__DATASET RECORDS__

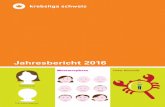 Jahresbericht 2016 der Krebsliga Schweiz · DSC_5043.JPG. 4 Die Krebsliga 2016: engagiert, wirkungsvoll und zukunftsgerichtet Cancer Survivors, Krebsbetroffene am Arbeitsplatz, schweizweite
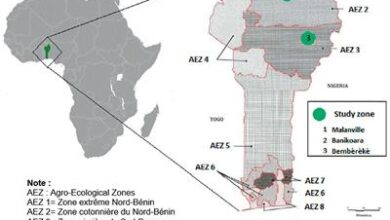 Resource endowment and sustainable soil fertility management strategies in maize farming systems in northern Benin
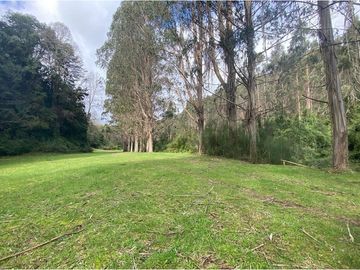 VENTA, Parcela  con bosque nativo y río,  Valdivia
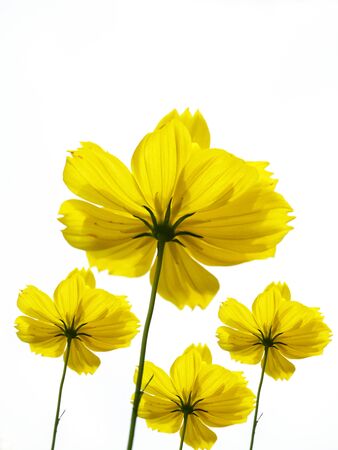 yellow flower or cosmos Flowerの写真素材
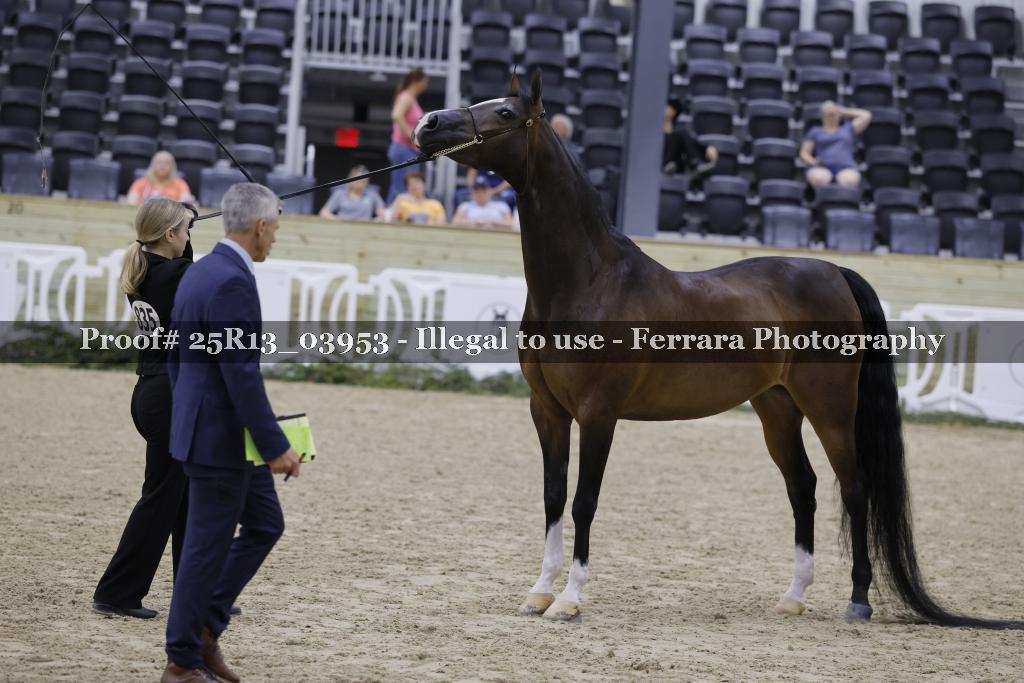 Proof 25R13_03953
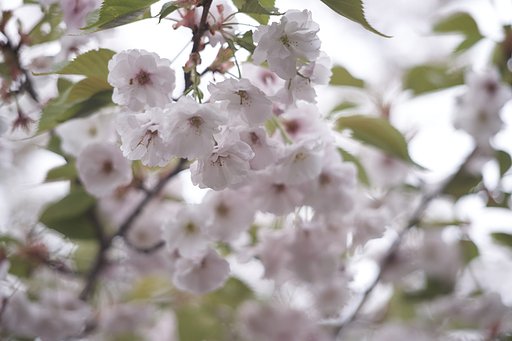 Dynarex 90mm F3.4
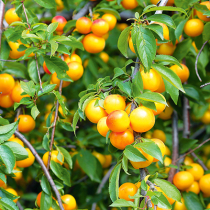 Mirabellen – süßes Aroma für Spätsommer und Herbst Mirabellen – süßes Aroma für Spätsommer und Herbst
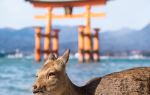 Itsukushima Jinja Otorii (Grand Torii Gate)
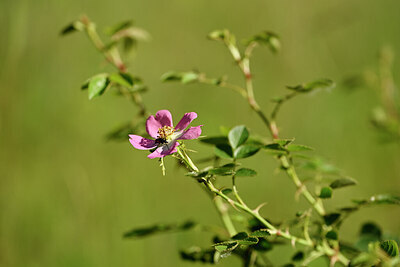BUITEN BEELD Foto: 435364
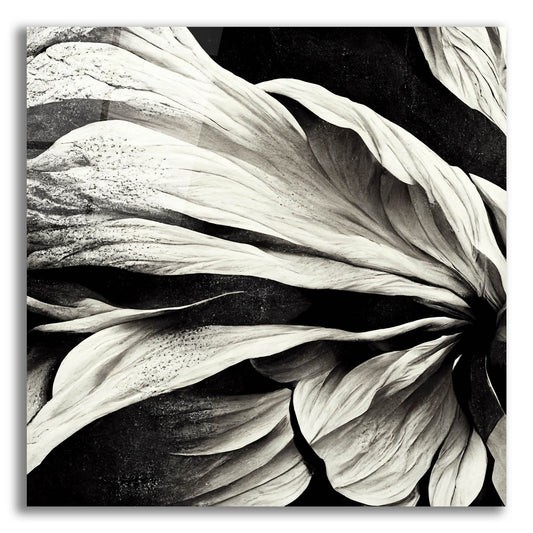 Epic Art 'Flowers Black White 9' by Ray Heere, Acrylic Glass Wall Art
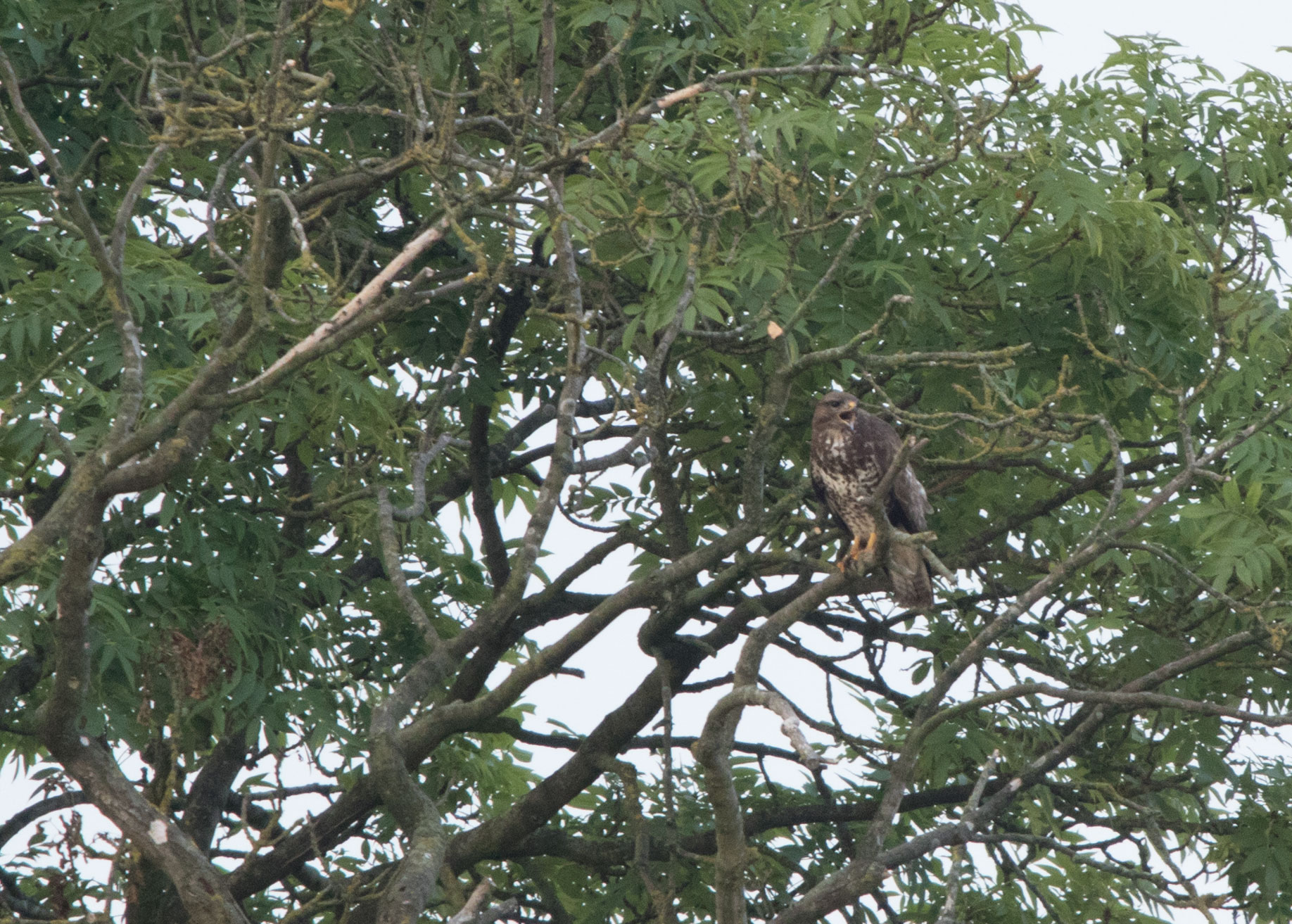 Buzzard, Bilton
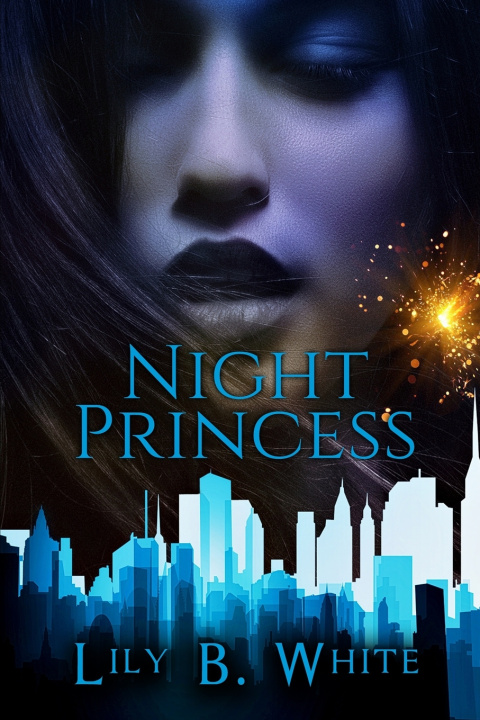 Kniha Night Princess Lily B. White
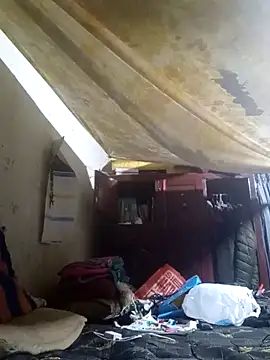 Cogelonregio online show from 04/02/26, 03:02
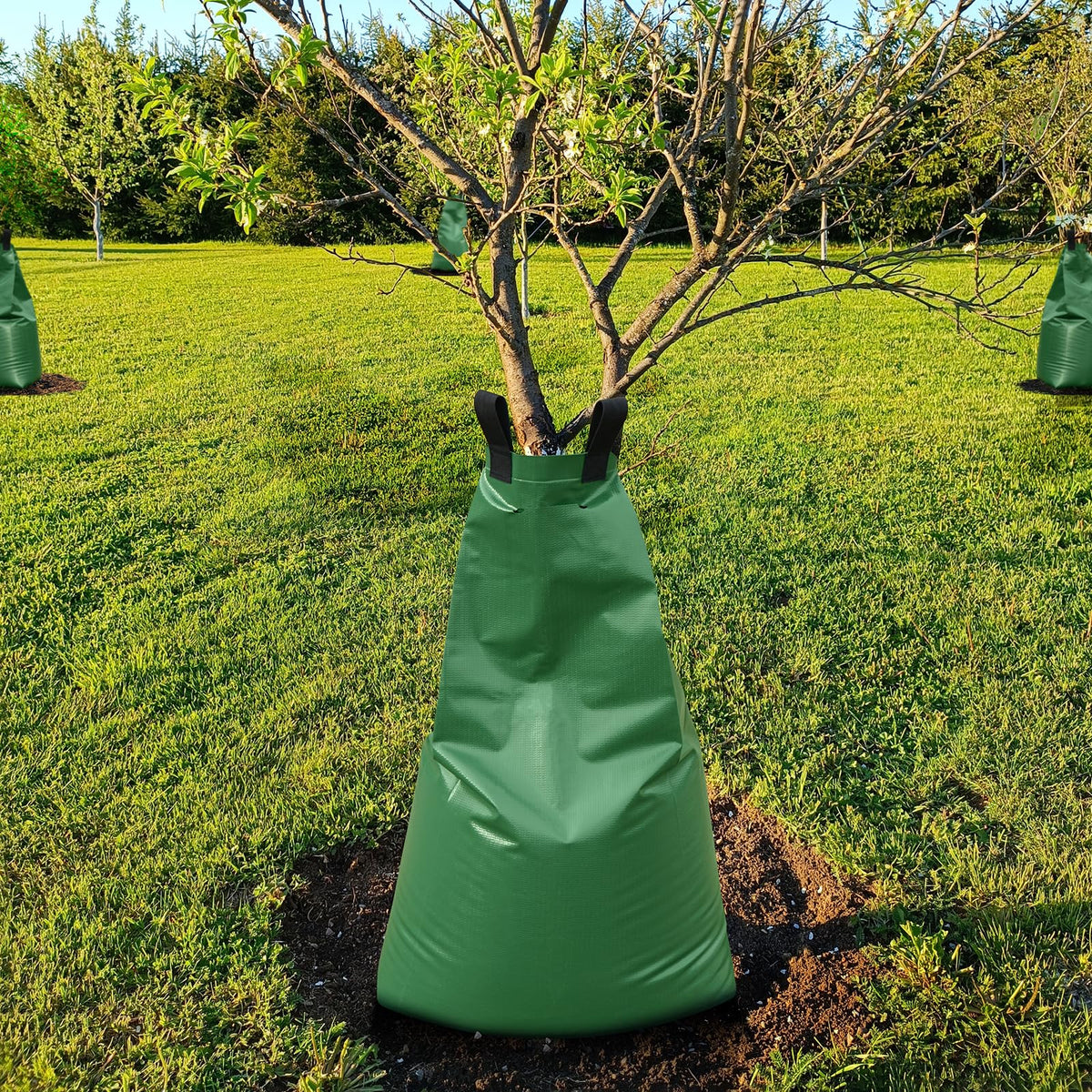 Btanadi multi-bag setup around a large tree for extended hydration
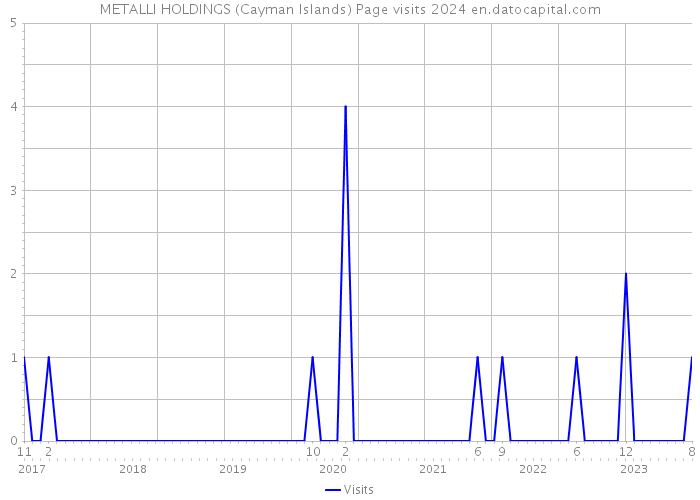 METALLI HOLDINGS (Cayman Islands) Page visits 2024 
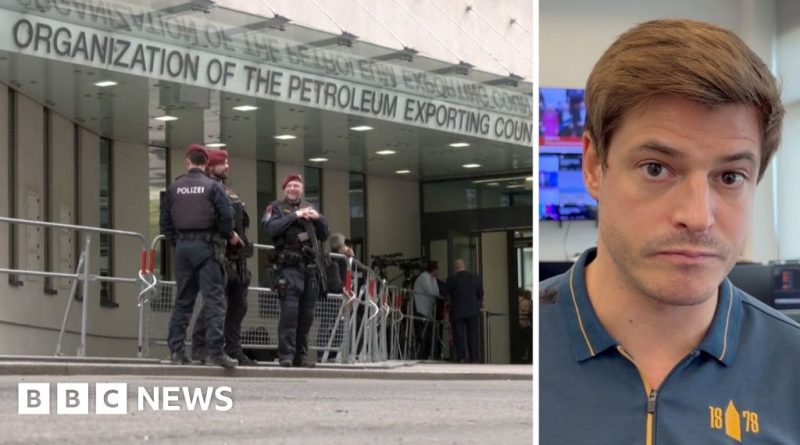 Diverse professionals discussing UAE leaves OPEC in a modern office.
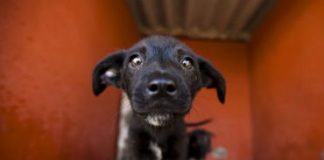 #MEXICO Sonora tipifica como delito grave maltrato y crueldad animal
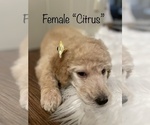 Small Photo #12 Goldendoodle Puppy For Sale in KEIZER, OR, USA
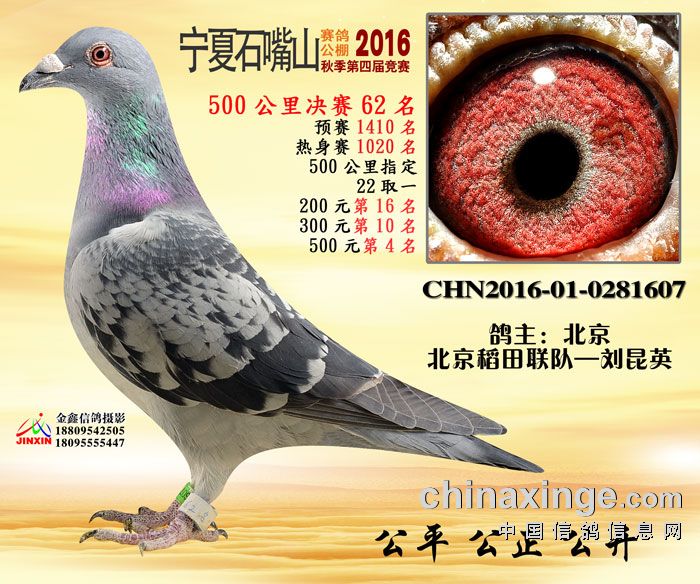 天利赛鸽公棚最新通告详解，观点阐述与分析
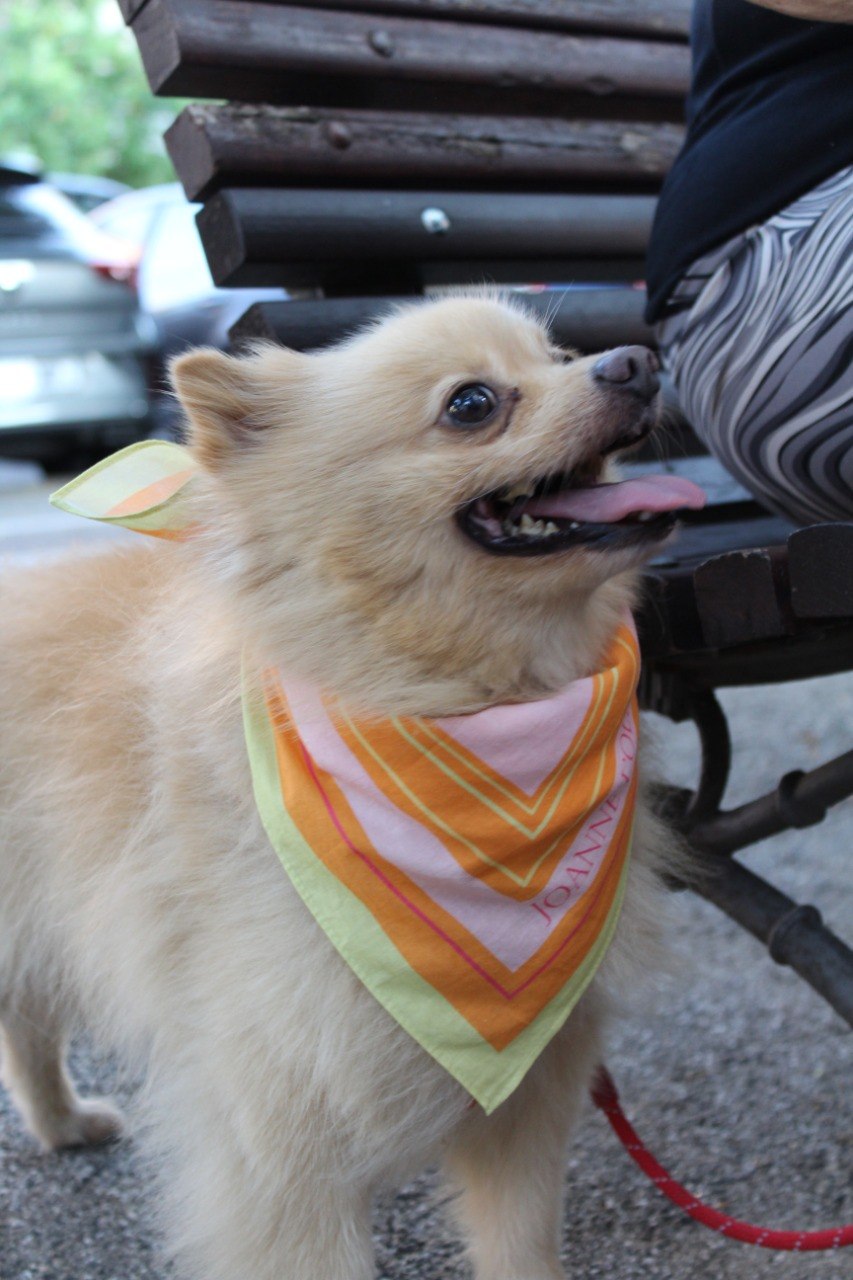 Bandana algodón Mandarina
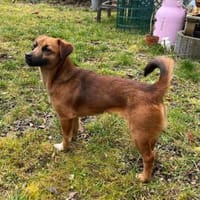 Kleine Nika sucht Familienanschluss, Hündin zur Adoption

__HOW TO COMPLETE THIS TASK__
Exact repetition of each line above is expected; images are to be omitted.

__OUTPUT BELOW__
 Jahresbericht 2016 der Krebsliga Schweiz · DSC_5043.JPG. 4 Die Krebsliga 2016: engagiert, wirkungsvoll und zukunftsgerichtet Cancer Survivors, Krebsbetroffene am Arbeitsplatz, schweizweite
 Resource endowment and sustainable soil fertility management strategies in maize farming systems in northern Benin
 VENTA, Parcela  con bosque nativo y río,  Valdivia
 yellow flower or cosmos Flowerの写真素材
 Proof 25R13_03953
 Dynarex 90mm F3.4
 Mirabellen – süßes Aroma für Spätsommer und Herbst Mirabellen – süßes Aroma für Spätsommer und Herbst
 Itsukushima Jinja Otorii (Grand Torii Gate)
BUITEN BEELD Foto: 435364
 Epic Art 'Flowers Black White 9' by Ray Heere, Acrylic Glass Wall Art
 Buzzard, Bilton
 Kniha Night Princess Lily B. White
 Cogelonregio online show from 04/02/26, 03:02
 Btanadi multi-bag setup around a large tree for extended hydration
 METALLI HOLDINGS (Cayman Islands) Page visits 2024 
 Diverse professionals discussing UAE leaves OPEC in a modern office.
 #MEXICO Sonora tipifica como delito grave maltrato y crueldad animal
 Small Photo #12 Goldendoodle Puppy For Sale in KEIZER, OR, USA
 天利赛鸽公棚最新通告详解，观点阐述与分析
 Bandana algodón Mandarina
 Kleine Nika sucht Familienanschluss, Hündin zur Adoption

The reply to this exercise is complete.